Per ora il provvedimento dura fino al 1° luglio, anche se c’è chi prevede che sarà reso stabile: inutile far emergere il “nero” se poi lo lasci ricadere nell’ombra. Anzi, alcuni esperti sostengono che la crisi emergenziale attuale può assolutamente servire a bonificare il mercato del lavoro. È un tema che riguarda anche l’Italia: tutte le misure oggi intraprese dal governo Conte, ad esempio, si rivolgono a coloro che sono in sofferenza e che possono essere raggiunti. Ma esiste in Italia una parte di forza lavoro che non può esserlo, e non si tratta solo dei cosiddetti “clandestini”: sono almeno 3 milioni i lavoratori del sommerso e al nero, quelli che non appaiono in nessun database dell’Inps o dell’Inail. Persone che non hanno richiesto nemmeno il reddito di cittadinanza per paura di essere scoperti a fare un lavoro non regolarizzato.

In Europa meridionale (soprattutto ma non soltanto) vi sono pezzi di mercato del lavoro non regolari, nei quali proliferano le mafie. Da quando il lavoro è divenuta una merce rara, la criminalità organizzata se ne occupa, provvedendo a somministrarlo e a far incontrare domanda e offerta, tutto rigorosamente in nero.

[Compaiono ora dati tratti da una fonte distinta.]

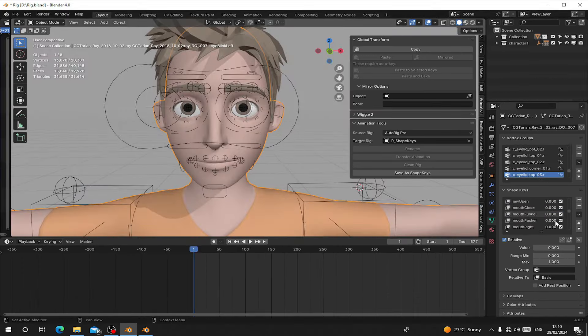Now when you select your character body and go to Shape Keys, you can use the sliders to see your nice shape keys. If you name all of them, you can have all 52 shape keys — open the mouth, do everything.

Da qui la ripresa del caporalato in Italia negli ultimi anni, così come in Spagna, Portogallo e Grecia, in particolare nel settore agricolo. Tuttavia in altri settori, come l’edilizia e la piccola manutenzione, tale tema riguarda tutta Europa (Nord legalista compreso). Altrimenti non si spiegherebbe la polemica sul famoso “idraulico polacco” che scatenò il dibattuto proprio al Nord. L’esempio portoghese sarebbe da seguire. È la cosa più sensata da fare.